This weird thing also happened, where I realized my office became the place for students to spend downtime. Some of this was necessary for the students working on projects, but sometimes, there were just a helluva lot of students loitering. Now, I understand this is due to the snacks I keep lying around. Sometimes, if I am starving and you are just standing there, you get a free lunch. And sometimes, if you loiter long enough, I buy coffees for everyone loitering. And sometimes, I just yell at you for loitering. So, it’s really caveat emptor on reserving a seat in my office.
This might also be a super Korean thing, because if you develop a relationship with someone, the understanding is that this person will treat you with favor. Except, I do anonymous grading in my classes. And, if I learn your REAL name (your given Korean name vs. your randomly chosen English nickname), really WATCH OUT, I just call on you because I know your name. There is no real advantage, but my students are probably just testing my boundaries.

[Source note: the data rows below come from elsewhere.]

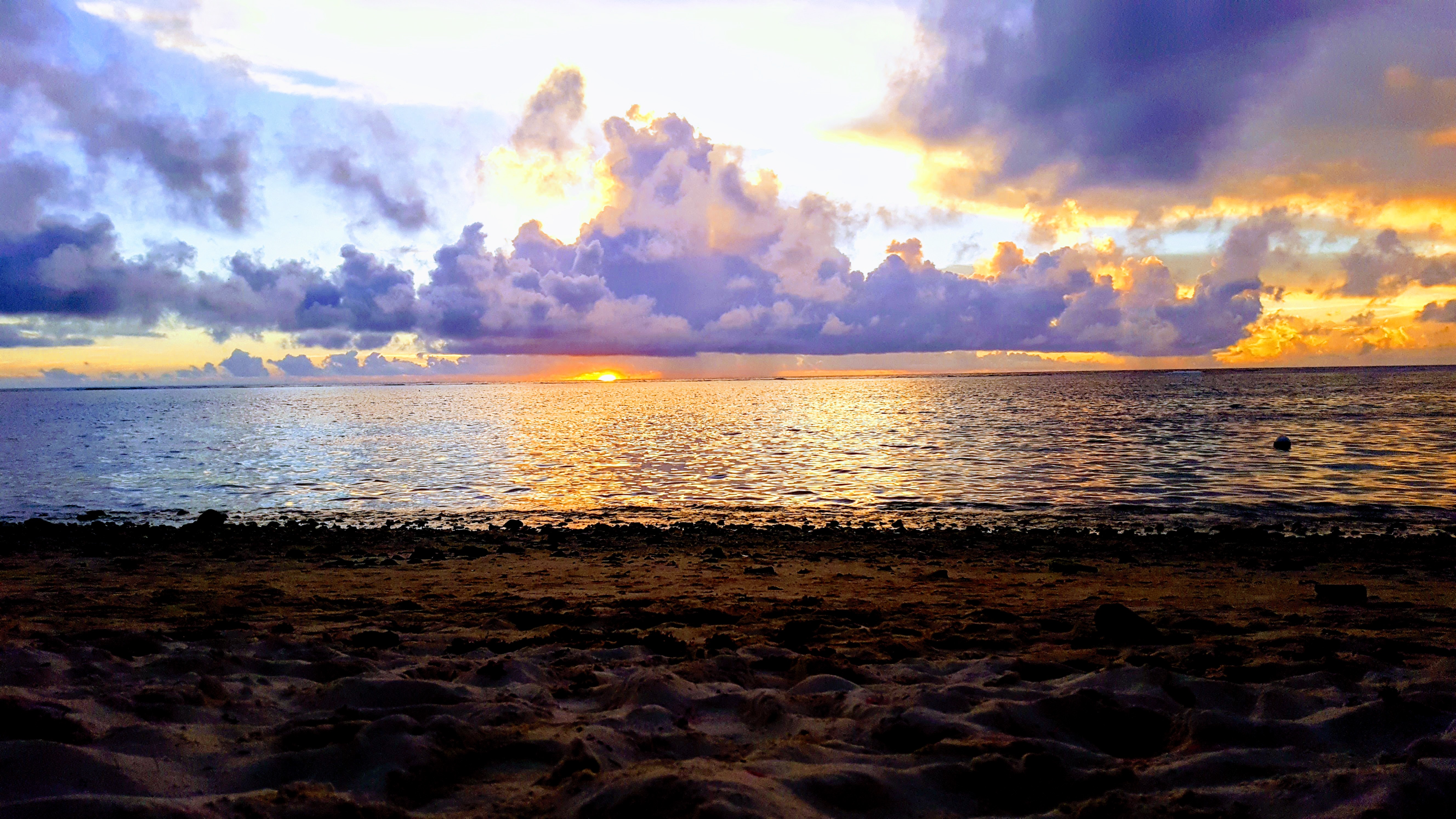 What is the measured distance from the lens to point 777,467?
3578 centimetres

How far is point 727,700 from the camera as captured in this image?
560 cm

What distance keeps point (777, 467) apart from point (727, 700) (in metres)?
30.3

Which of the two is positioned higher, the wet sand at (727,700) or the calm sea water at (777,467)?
the wet sand at (727,700)

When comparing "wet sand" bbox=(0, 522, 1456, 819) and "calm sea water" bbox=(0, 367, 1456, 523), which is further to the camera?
"calm sea water" bbox=(0, 367, 1456, 523)

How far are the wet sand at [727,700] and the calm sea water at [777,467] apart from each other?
12.9 m

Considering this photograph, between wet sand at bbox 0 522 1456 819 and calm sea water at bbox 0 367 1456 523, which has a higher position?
wet sand at bbox 0 522 1456 819

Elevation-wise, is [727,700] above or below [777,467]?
above

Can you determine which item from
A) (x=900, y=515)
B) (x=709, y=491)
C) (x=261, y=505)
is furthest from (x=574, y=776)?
(x=261, y=505)

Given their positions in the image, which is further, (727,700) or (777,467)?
(777,467)

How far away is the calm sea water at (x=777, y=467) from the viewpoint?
24.4 m

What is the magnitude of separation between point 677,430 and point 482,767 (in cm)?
A: 5803

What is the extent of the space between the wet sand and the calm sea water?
12.9 metres

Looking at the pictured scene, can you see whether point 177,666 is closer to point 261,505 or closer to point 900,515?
point 900,515

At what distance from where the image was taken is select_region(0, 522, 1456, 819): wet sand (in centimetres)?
399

Then, I also realized I have only boys in my mentoring class. Not really sure how I ended up with 8 freshman boys just self-selecting into my little group, but there they were all bushy-tailed and eager to play Yahtzee and eat Orville Redenbacher’s popcorn. As I began having 1:1 sessions, I saw a pattern emerge. My mentees had selected me for 1 of 3 (or all) reasons: 1) They heard free food was usually in my office; 2) a sibling or elder had recommended my class; 3) they started their mentoring session by saying “I want to do _____, but my parents think I should do ____.” OR “I don’t know what my career passion is yet.”
I think I was supposed to be wise or sage or at least be a better “nuna.” Instead, I sat there baffled with the first young man. I wanted to tell him to try everything until he figured out what he liked. But I remembered I was in Korea and that was impossible. Instead, I told him that finding your career is like falling in love; you have a general sense of what you’re looking for, but you don’t feel it until you find it. I wanted to tell the kid today to fuck his parents’ desire and just follow his talent and passion, but then I remembered: I’m in Korea. So, instead, I told him he could develop a great career that combined his parents’ desire for stability and his want for a more creative path. I told him I’d help him figure out what he likes besides his creative passion.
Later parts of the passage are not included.